The code is now more robust, and handles various hard corner cases it didn't handle before.

It fixes one case in the previous eval set, and keeps a 98% found rate and 96% found@1 in a new 50 title/author pairs eval set.
In the new eval set, I also measured the average number of fuzzy searches - 1.18 (note that the eval sets are picked from an unstructured torrents folder, where the initial search with the original title and field almost always fails. 1.18 means that in most cases, only one fuzzy search request is needed).

The additional parallel author validation requests (usually between 2-4) to audnexus seem to run very quickly, and most of the network time seems to be spent in the search provider requests.

server/finders/BookFinder.js

mikiher · 2023-10-07T22:17:49Z

By the way, I can share my eval sets and hard cases privately, if you'd like to see them.

advplyr · 2023-10-08T15:39:04Z

@mikiher I tested this PR with my sample libraries that have random meta tags and filenames and it worked really well. It would be nice to have a better test set to test with in the future.

advplyr · 2023-10-08T15:40:15Z

I think the AuthorCandidates class can be useful for the AuthorFinder as well

mikiher · 2023-10-08T17:17:09Z

@advplyr I just sent you a link to the evals spreadsheet to your personal email I found here.

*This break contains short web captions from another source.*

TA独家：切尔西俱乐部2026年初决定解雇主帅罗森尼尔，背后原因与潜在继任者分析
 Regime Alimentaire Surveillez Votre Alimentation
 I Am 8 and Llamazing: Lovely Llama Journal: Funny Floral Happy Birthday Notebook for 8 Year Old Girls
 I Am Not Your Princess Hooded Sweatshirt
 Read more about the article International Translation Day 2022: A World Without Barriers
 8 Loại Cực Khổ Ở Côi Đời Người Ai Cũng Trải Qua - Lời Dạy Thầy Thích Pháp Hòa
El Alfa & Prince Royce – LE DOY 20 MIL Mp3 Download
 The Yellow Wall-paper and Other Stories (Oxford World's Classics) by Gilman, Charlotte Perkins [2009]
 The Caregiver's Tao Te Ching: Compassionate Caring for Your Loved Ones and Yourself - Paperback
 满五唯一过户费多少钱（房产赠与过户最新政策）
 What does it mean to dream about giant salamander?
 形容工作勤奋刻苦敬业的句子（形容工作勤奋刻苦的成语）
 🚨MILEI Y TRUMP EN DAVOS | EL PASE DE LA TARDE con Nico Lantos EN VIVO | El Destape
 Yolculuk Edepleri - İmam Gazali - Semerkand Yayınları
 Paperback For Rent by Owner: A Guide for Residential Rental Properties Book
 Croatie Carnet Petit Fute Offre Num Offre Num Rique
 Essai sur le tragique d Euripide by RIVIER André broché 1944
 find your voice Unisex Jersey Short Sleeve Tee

Feel free to send me any additional hard cases you find.

advplyr · 2023-10-30T21:37:26Z

server/finders/BookFinder.js

+    add(title, position = 0) {
+      // if title contains the author, remove it
+      if (this.cleanAuthor) {
+        const authorRe = new RegExp(`(^| | by |)${this.cleanAuthor}(?= |$)`, "g")


For future reference if you are working on this, an edge case came up here with invalid regex. #2265

Fixed by adding a util function to escape the string.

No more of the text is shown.